**Exercise:** Read through the listing, and wherever a line holds the word "going", return it.

**Input:**
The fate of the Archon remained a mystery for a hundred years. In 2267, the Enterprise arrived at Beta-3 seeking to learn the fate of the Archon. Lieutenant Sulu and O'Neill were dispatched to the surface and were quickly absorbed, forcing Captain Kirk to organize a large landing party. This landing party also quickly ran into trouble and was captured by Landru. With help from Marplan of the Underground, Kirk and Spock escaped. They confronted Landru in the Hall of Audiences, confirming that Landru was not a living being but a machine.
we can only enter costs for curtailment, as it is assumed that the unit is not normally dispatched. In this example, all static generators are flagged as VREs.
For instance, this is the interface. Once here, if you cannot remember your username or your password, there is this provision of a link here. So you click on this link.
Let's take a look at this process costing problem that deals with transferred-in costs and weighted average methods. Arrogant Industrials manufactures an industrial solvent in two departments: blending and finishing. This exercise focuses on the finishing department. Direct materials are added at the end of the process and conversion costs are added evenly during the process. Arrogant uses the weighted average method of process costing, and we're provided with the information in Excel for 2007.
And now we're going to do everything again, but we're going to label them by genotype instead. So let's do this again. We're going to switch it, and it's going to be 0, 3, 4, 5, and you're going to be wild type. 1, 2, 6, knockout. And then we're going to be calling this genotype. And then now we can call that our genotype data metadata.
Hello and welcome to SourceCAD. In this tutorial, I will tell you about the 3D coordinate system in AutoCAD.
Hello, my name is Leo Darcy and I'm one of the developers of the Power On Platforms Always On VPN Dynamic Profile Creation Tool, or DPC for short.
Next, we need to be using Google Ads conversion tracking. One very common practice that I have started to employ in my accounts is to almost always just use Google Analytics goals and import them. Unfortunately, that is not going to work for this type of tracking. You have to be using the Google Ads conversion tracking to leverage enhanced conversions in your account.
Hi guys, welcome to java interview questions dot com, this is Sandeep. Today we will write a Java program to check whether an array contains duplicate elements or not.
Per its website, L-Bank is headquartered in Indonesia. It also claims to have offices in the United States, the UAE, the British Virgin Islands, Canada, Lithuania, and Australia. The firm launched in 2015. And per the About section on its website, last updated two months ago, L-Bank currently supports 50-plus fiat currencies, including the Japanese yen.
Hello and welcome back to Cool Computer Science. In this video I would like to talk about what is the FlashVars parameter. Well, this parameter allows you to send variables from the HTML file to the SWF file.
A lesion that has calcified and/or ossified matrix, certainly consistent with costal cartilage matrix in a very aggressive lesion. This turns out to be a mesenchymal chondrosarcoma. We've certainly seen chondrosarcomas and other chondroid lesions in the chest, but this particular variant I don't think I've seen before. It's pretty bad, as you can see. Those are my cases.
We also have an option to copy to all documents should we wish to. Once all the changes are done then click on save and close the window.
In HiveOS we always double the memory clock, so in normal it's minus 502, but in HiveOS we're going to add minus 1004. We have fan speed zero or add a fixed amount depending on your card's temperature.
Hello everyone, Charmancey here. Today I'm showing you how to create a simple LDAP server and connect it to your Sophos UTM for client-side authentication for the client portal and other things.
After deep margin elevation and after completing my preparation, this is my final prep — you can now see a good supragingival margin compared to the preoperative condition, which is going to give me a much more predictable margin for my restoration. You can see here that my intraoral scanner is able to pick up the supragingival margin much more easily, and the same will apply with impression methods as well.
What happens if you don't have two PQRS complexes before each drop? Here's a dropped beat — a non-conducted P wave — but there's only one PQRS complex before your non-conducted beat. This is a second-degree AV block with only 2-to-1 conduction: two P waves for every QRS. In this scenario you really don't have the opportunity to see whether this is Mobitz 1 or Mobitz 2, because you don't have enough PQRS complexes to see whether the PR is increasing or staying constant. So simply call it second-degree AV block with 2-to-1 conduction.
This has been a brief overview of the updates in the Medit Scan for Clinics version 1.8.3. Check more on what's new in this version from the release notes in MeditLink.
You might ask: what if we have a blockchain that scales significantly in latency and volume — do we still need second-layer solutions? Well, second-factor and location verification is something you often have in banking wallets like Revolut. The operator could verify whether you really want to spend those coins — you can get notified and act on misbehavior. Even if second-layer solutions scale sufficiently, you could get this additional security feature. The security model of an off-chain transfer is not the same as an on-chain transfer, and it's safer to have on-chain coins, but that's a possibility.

**Solution to this problem:**
And now we're going to do everything again, but we're going to label them by genotype instead. So let's do this again. We're going to switch it, and it's going to be 0, 3, 4, 5, and you're going to be wild type. 1, 2, 6, knockout. And then we're going to be calling this genotype. And then now we can call that our genotype data metadata.
Next, we need to be using Google Ads conversion tracking. One very common practice that I have started to employ in my accounts is to almost always just use Google Analytics goals and import them. Unfortunately, that is not going to work for this type of tracking. You have to be using the Google Ads conversion tracking to leverage enhanced conversions in your account.
In HiveOS we always double the memory clock, so in normal it's minus 502, but in HiveOS we're going to add minus 1004. We have fan speed zero or add a fixed amount depending on your card's temperature.
After deep margin elevation and after completing my preparation, this is my final prep — you can now see a good supragingival margin compared to the preoperative condition, which is going to give me a much more predictable margin for my restoration. You can see here that my intraoral scanner is able to pick up the supragingival margin much more easily, and the same will apply with impression methods as well.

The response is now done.